The four clinical parameters (gender, BMI, age, snoring) employed for the elaboration of our screening instrument are well-established predictive factors for OSA. Regarding clinical symptomatology, men with OSA usually have typical symptoms such as snoring and observed apnea, while women with OSA often report symptoms that are considered atypical, such as insomnia, morning headache, and fatigue.32,33 Based on polysomnographic findings, women have a lower prevalence of OSA than men, but with a clear increase in frequency after menopause.32,33 Unlike No-Apnea,23 the chosen measure of obesity was BMI over NC: this finding may translate into a better balance of its components between genders, since NC is a variable that is arguably higher in men than in women.32–34 OSA prevalence increases with age, with some studies reporting a high prevalence of OSA in the elderly.35 The only subjective variable that was chosen in our model was loud snoring, since snoring intensity increases as OSA becomes more severe.36 In addition, this question from the STOP-Bang questionnaire “Do you snore loudly?” has already undergone cross-cultural adaptation to the Portuguese language spoken in Brazil.37

Limitations and Strengths

Our study has some limitations that should be highlighted: the study population was based on sleep-lab referral patients (subjects with a high pretest probability), and therefore the possibility of selection bias is plausible.

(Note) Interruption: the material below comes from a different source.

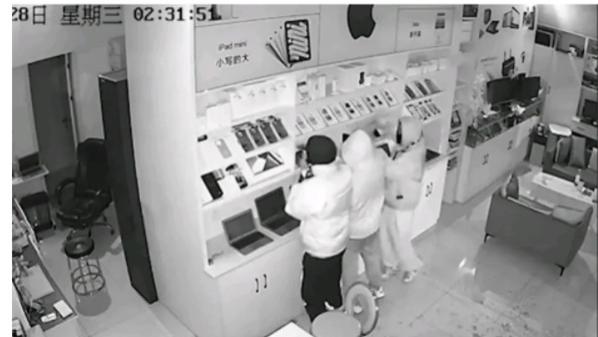 “偷了个寂寞！”12月28日，浙江杭州，3名男子凌晨2点半潜入手机店盗窃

As the predictive values of a screening model are affected by disease prevalence,30,38 future studies should be conducted to assess the performance of the GOAL questionnaire in other population groups. In addition, it was conducted in a single-center and did not preferably include individuals belonging to populations with their own distinct anthropometric characteristics (eg, Asian or African populations), thus requiring future additional external validation. Conversely, we should also point out several features of the present study that should strengthen the ability to implement the proposed instrument: it was developed and validated from two very large and representative cohorts, with prospectively recruited participants undergoing the same diagnostic test for OSA (overnight full PSG) and with the same diagnostic criteria recommended by AASM.28

Conclusions

All instruments (GOAL questionnaire, No-Apnea score, STOP-Bang questionnaire and NoSAS score) were found to be adequate instruments for OSA screening at any severity level. The use of these instruments can allow improved allocation of patients into corresponding priorities, thus enabling better prioritization of financial resources. In both cohorts, there was no superiority of one given tool over the other, which shows a possible great practical applicability of the GOAL questionnaire, as it contains only four clinical parameters easily obtained during any evaluation of a patient with suspected OSA. As with any population study, future exploration for other world regions and different clinical settings will be critical for widespread implementation of such simple and concise screening tool.